## The task
Among the lines of the data, copy those that hold "white".

## Records for processing
"""

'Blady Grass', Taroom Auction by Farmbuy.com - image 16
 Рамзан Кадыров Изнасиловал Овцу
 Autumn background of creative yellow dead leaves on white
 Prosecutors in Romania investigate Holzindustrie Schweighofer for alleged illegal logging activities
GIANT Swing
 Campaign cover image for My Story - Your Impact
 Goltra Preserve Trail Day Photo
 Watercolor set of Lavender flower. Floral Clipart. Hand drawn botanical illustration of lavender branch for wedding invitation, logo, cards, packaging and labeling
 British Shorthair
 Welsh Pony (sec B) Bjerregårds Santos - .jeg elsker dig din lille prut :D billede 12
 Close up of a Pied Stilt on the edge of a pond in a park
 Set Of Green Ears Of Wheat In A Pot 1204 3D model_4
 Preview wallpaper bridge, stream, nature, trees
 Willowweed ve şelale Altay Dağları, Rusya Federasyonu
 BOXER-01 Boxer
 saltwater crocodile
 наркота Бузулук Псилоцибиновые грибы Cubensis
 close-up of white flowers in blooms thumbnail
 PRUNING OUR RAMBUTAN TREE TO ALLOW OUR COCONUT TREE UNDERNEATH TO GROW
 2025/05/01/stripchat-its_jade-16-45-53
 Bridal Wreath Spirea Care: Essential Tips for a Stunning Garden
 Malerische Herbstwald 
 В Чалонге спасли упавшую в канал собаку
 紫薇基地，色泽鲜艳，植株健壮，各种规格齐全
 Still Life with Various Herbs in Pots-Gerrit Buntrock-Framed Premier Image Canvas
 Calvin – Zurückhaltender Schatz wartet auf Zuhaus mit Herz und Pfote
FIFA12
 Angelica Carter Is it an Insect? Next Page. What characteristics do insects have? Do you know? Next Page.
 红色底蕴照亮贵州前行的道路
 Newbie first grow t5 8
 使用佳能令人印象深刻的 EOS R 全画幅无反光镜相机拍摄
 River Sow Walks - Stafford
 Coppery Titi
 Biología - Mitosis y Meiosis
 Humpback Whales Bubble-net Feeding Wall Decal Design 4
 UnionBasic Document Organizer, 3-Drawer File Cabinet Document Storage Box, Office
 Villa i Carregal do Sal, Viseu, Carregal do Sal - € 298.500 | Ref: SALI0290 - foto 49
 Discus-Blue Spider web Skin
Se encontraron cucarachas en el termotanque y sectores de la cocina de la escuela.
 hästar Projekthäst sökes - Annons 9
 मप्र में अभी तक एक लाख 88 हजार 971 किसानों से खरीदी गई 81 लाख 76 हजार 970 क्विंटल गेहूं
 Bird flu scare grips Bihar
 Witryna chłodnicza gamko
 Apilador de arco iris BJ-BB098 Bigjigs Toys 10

"""

## The answer
 Autumn background of creative yellow dead leaves on white
 close-up of white flowers in blooms thumbnail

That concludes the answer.